Friday's May 5, 2006, issue of the Santa Maria Times presented an interesting commentary from Joan Leon titled County Split: No Grassroots Effort.
She begins her commentary by pointing to the example of government process in the movement of Measure D from public meetings to placement on the ballot. She cites the many public meetings, workshops, people speaking for and against, and the April 21st hearing. "All this happened before any decision was made to put the item on the November ballot," she says.
She then compares the above process to that of the proposed County Split. She mentions the original $25,000 paid by the Citizens for County Organization (CFCO) to fund an 18-page study.
Interestingly, this original study came to the conclusion that a new county would face an $11.5 million deficit and suggested raising taxes or reducing government services to overcome the deficit.
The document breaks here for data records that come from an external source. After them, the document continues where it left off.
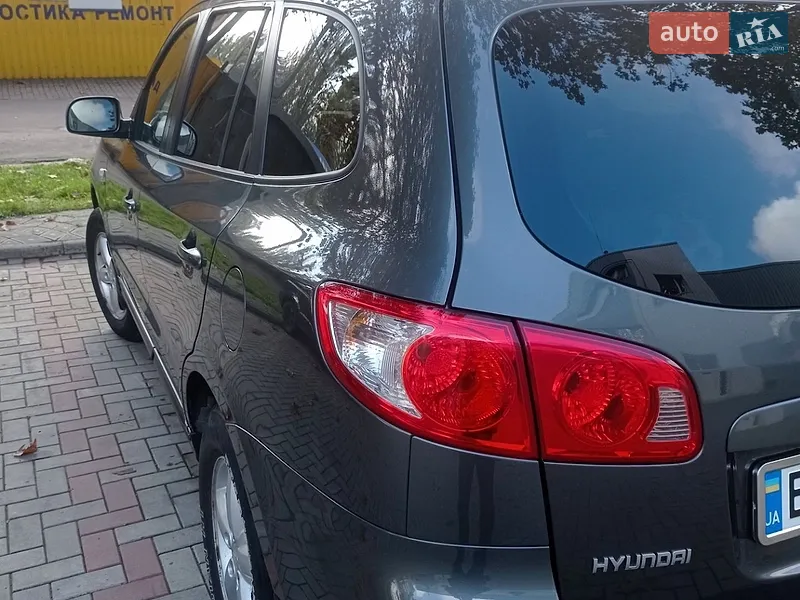 Hyundai Santa FE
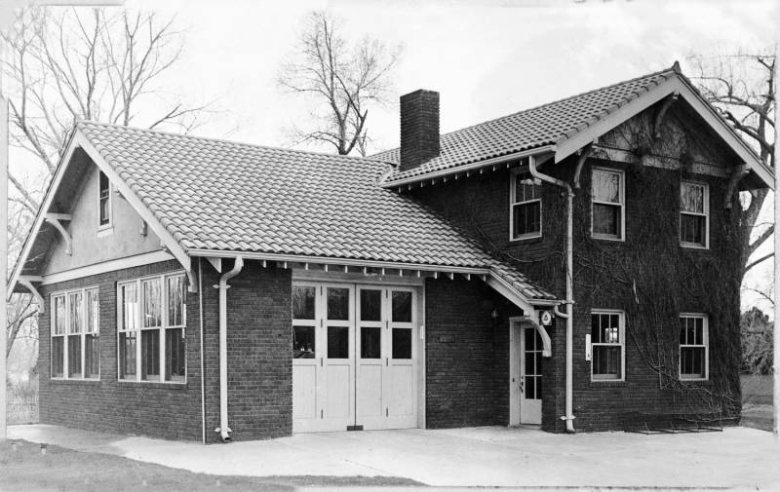 The original fire station No. 21, built in 1924 in a bungalow style.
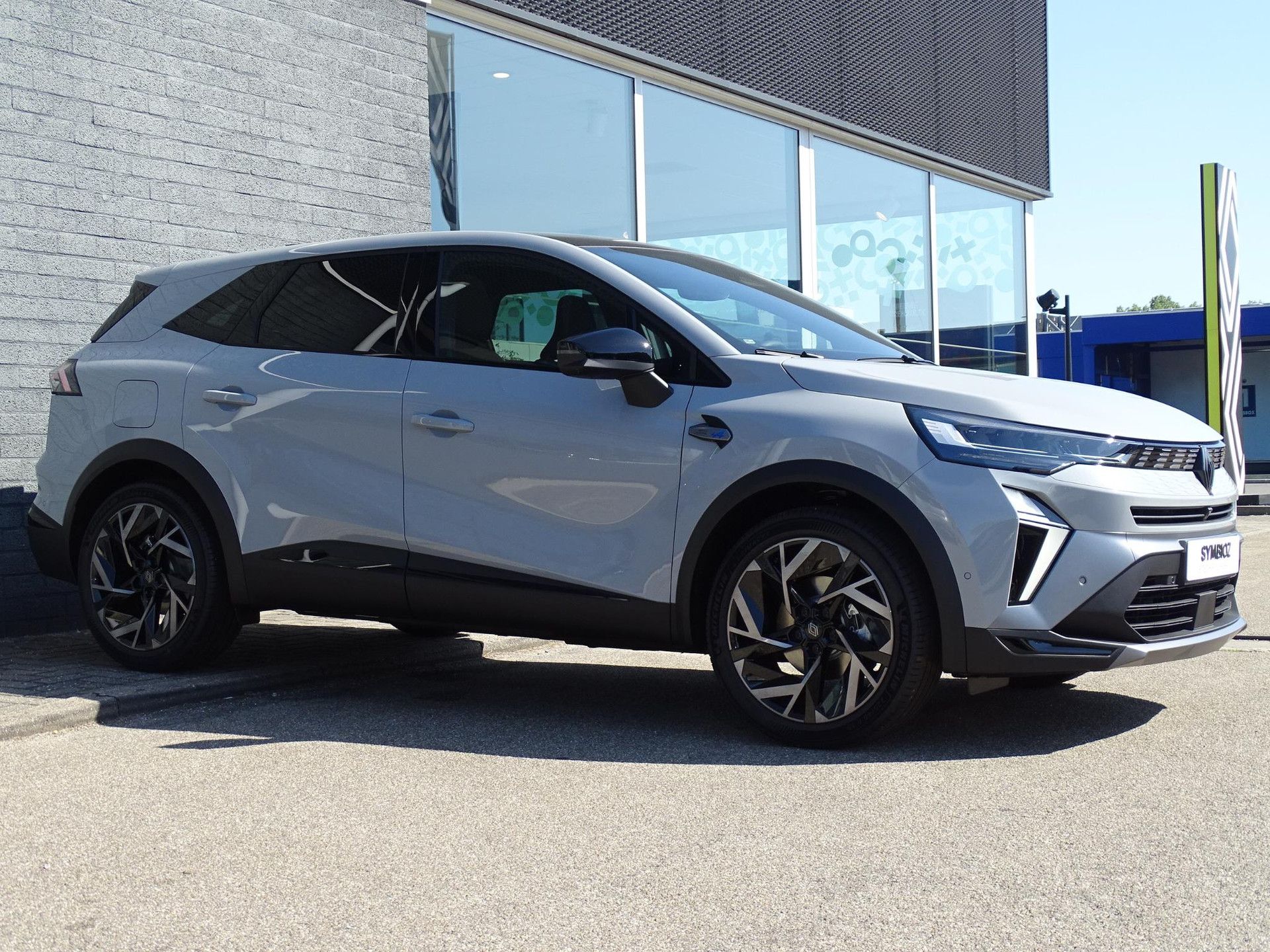 Renault Symbioz met kenteken KLR-36-T – detailfoto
Yet CFCO continued forward with a petition drive anyway. Not being able to make the signature deadline, they stopped the drive. Jim Diani, owner of A. J. Diani Company, obtained a loan of $212,500 -- "on his own personal guarantee" -- to pay for professional signature gatherers, and the petition drive was on again.
When the commission was appointed to study the feasibility of a County Split (for the second time), this new group came to the conclusion that the new county would not be facing an $11.5 million deficit -- it would be $30 million. This study had cost the county -- as of April 2005 -- $623,700.
As Leon says, "CFCO did not trust us to be involved in deciding if we needed to undertake this expensive process that is costing our county so much money. Now they are asking us to approve a new county that would begin with a huge deficit and an uncertain future.
". . . The desires of a few people is an expensive process that we are all having to pay for."